I hope to whatever deities are listening that someone can take this poor lad and give him a responsible home as soon as possible, I simply cannot fit anyone else in or I'd take him in a heartbeat but unless I get a bigger house 4 cats is my limit for happy territory/space away from each other


----------



## PJCroad&Chico (Jan 21, 2011)

To clarify: he eats meat. As long as it was safe and had all the nutrients, I was going to offer him the choice so it would be his choice, but I could never afford to anyway. And even if I offered him the choice and he chose meat, I would have respected his decision and stuck to meat.


----------



## memmarmite (May 28, 2010)

OP, I hope your kitty finds a good home soon. Apologies for the threadjack that is to follow, I know you feed him meat, this is just a general comment about the whole veg cats thing...

The Beard and I attend a fair few of the vegan food fairs that go on and have seen vegan cat and dog foods sold at many of them. We are both vegan, it's a lifestyle that we love, and when we first talked about getting a cat we did look into the veg-based cat foods on the market. We have, however, gone in completely the other direction with a high meat/grain-free diet and some raw meat.

The thought behind this was that we would never in a million years impose a carnivorous diet on a herbivore; why on earth would we consider imposing a herbivorous diet on a carnivore? It just seems all wrong. Humans are omnivores, we are designed to be adaptable and opportunistic, which means we can live quite comfortably on a wide variety of different diets. Cats do not have this going for them. Even with the correct nutrients added in, the difficulty in processing the food itself (seeing as it is NOT what the feline digestive system is designed to handle) means that the bioavailability of such nutrients is poor.

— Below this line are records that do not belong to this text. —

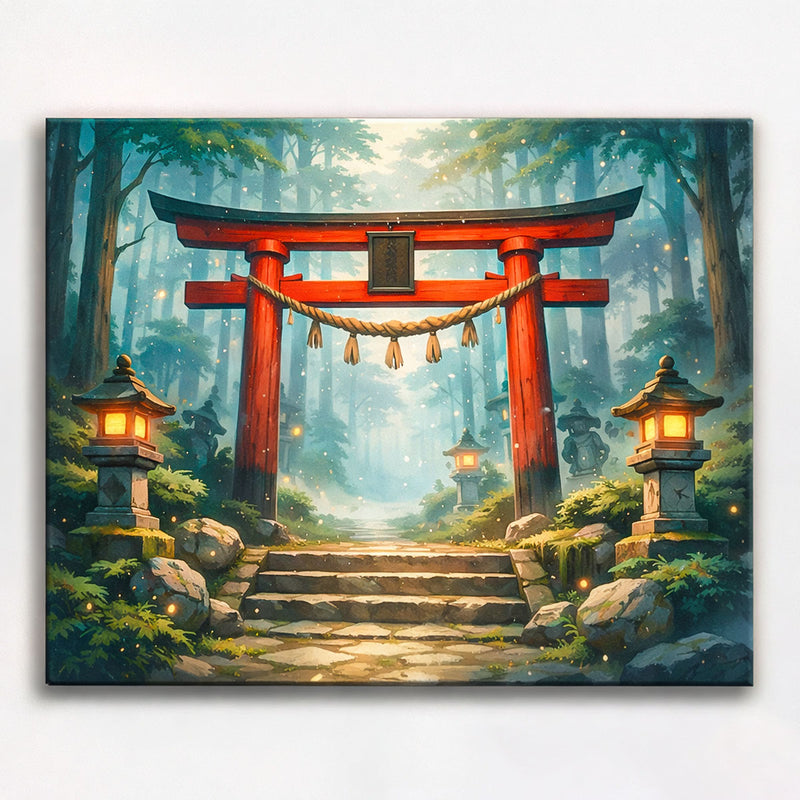 Sacred Forest Torii Gate Paint by Numbers Kit-zoom-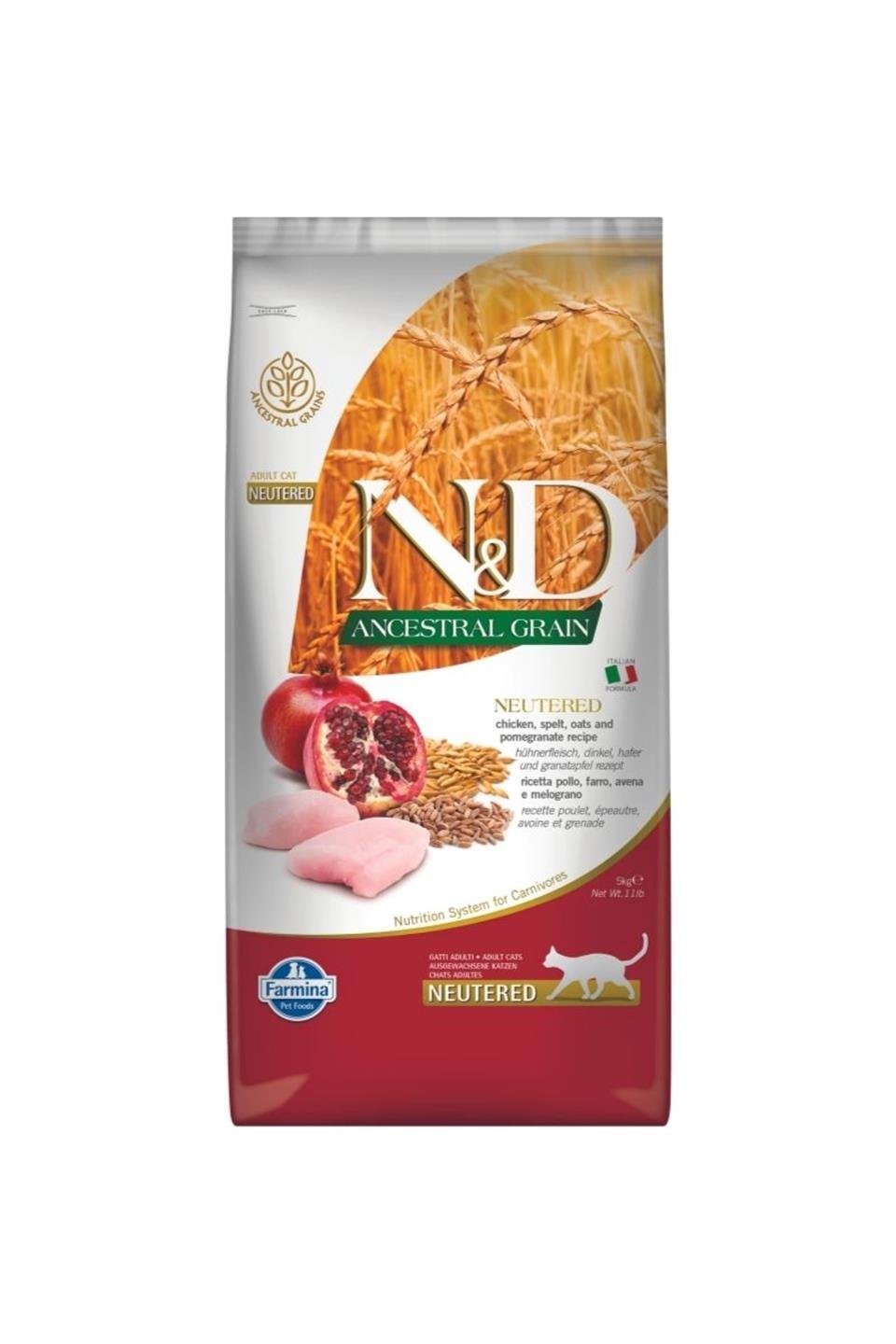 N&D Ancestral Grain Tavuklu Kısırlaştırılmış Yetişkin Kedi Maması 5 Kg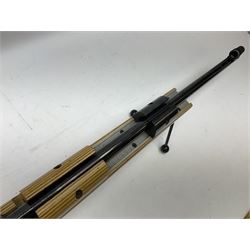 Feinwerkbau, Westinger & Altenburger Germany .22 LR bolt-action target rifle with 67cm barrel, fully adjustable weights and laminated stock, sliding weight rails and vernier rear sight; bi-pod rest at front; No.4225 L123.5cm overall SECTION 1 FIRE-ARMS CERTIFICATE REQUIRED       

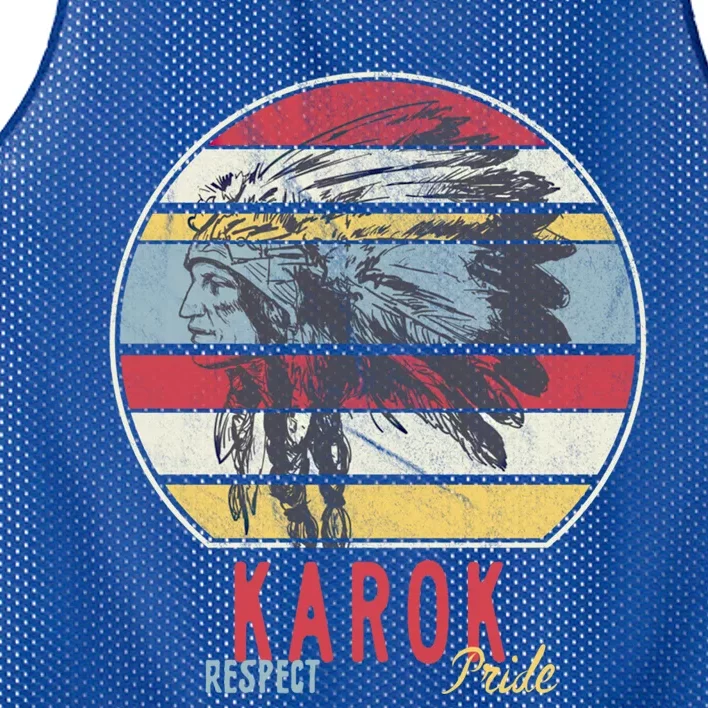 Karok Native American Indian Tribe Respect Pride Retro Sun Gift Mesh Reversible Basketball Jersey Tank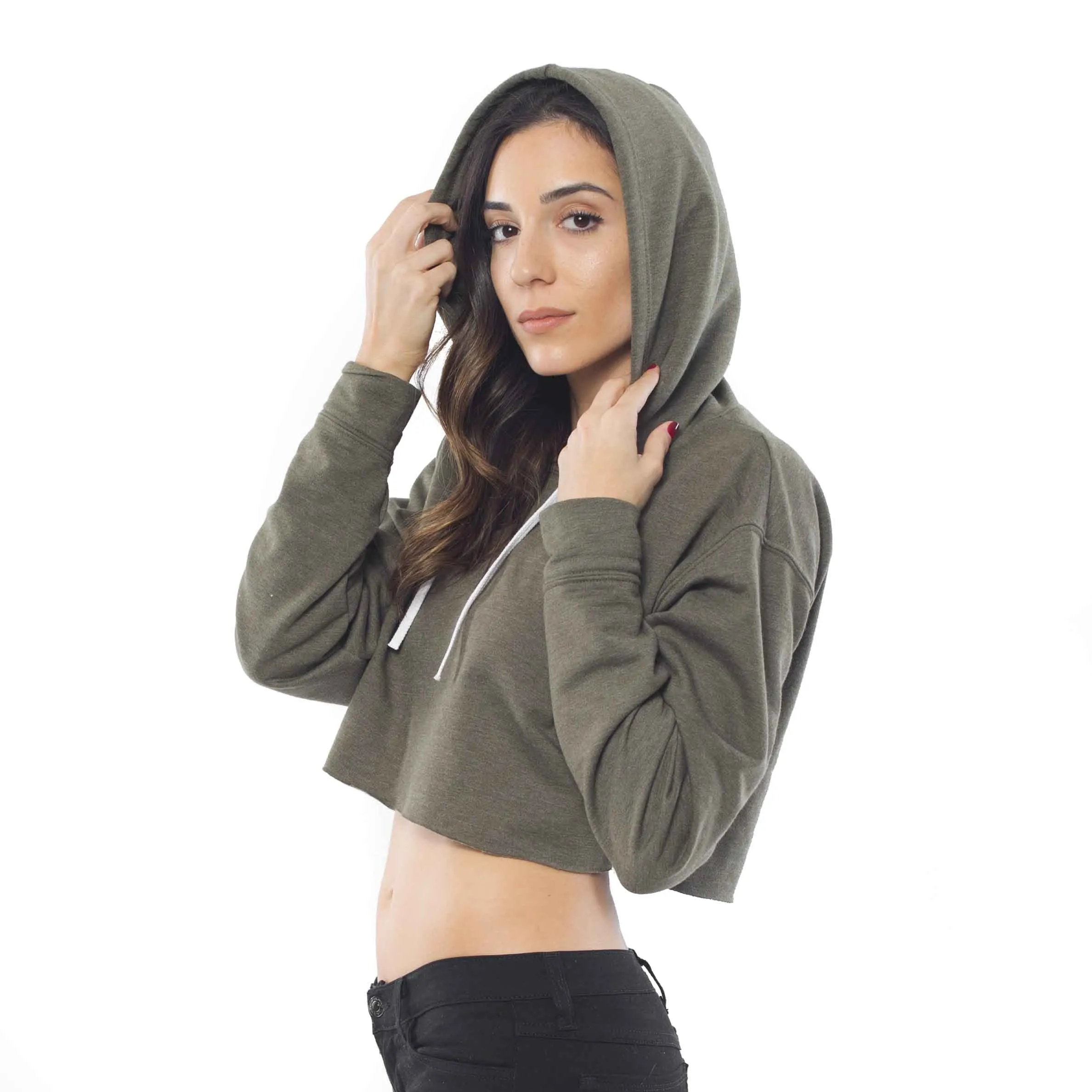 6036 - Women's Cropped Fleece Hoodie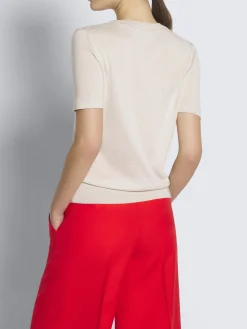 Beige cashmere and silk T-shirt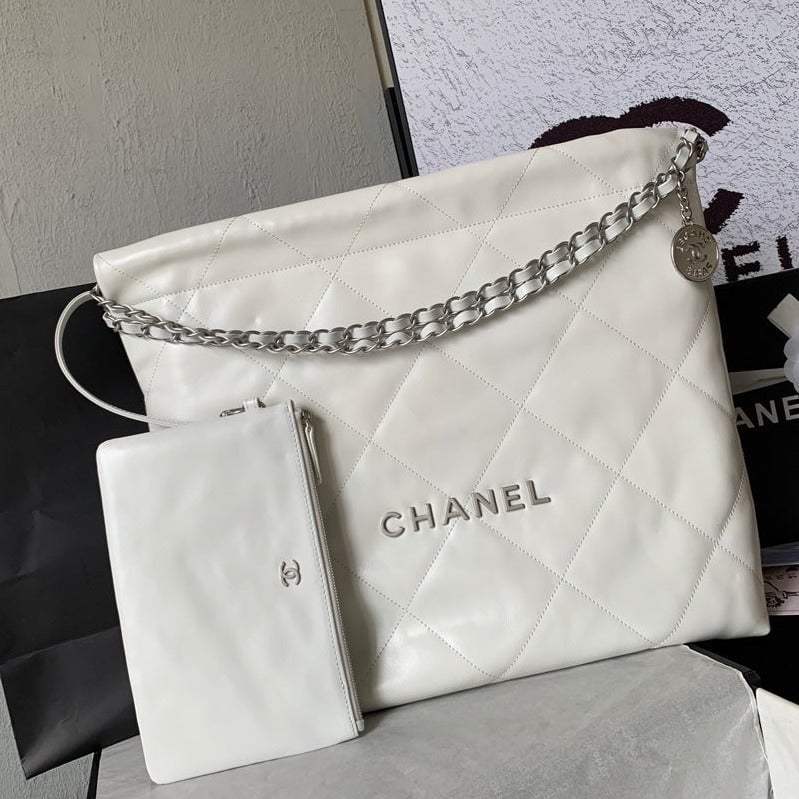Chanel 22 Hobo White Calfskin Silver Hardware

I don't like that the only evidence in favour of veg cat food is strictly anecdotal. It makes me feel quite uncomfortable that people are using this to make dietary choices for their pets. "I feed my cat such-and-such and she's not ill" (yet) does NOT equate to hard evidence.

*tl;dr:* Vegans who push veggie cat food make a bad name for us all. Furthermore, PETA are knobs. I'm taking my ranting hat off now, kthx.


----------



## PJCroad&Chico (Jan 21, 2011)

memmarmite said:


> OP, I hope your kitty finds a good home soon. Apologies for the threadjack that is to follow, I know you feed him meat, this is just a general comment about the whole veg cats thing...
> 
> The Beard and I attend a fair few of the vegan food fairs that go on and have seen vegan cat and dog foods sold at many of them. We are both vegan, it's a lifestyle that we love, and when we first talked about getting a cat we did look into the veg-based cat foods on the market. We have, however, gone in completely the other direction with a high meat/grain-free diet and some raw meat.
> 
> ...


I agree about PETA. They even end up annoying vegans.

Also I was never going to impose any vegetarian food on my cat, even if there was proper evidence for something with proper nutrients. I would have given him the choice, and if he'd had gone for the meat (as cats generally do, though he did once lick a mess tin that had had pasta and pasta sauce in it), respected his decision and carried on feeding him meat.


----------